BEGIN Records provided
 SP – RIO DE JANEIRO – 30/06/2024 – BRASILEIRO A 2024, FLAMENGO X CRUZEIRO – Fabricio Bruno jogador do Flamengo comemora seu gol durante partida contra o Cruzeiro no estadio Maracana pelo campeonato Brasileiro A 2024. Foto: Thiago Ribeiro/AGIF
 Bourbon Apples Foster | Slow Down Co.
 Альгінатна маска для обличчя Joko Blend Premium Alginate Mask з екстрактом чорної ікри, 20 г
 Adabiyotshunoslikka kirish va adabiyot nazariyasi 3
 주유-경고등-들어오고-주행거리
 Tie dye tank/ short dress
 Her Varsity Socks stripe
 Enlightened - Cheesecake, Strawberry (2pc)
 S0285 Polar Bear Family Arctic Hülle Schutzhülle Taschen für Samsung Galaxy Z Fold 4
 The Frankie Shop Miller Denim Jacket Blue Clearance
END Records provided
Exercise goal: Final part of the records: return the line that contains "S0285 Polar Bear" and every line after it, exactly, with no other lines added.

Written response:
 S0285 Polar Bear Family Arctic Hülle Schutzhülle Taschen für Samsung Galaxy Z Fold 4
 The Frankie Shop Miller Denim Jacket Blue Clearance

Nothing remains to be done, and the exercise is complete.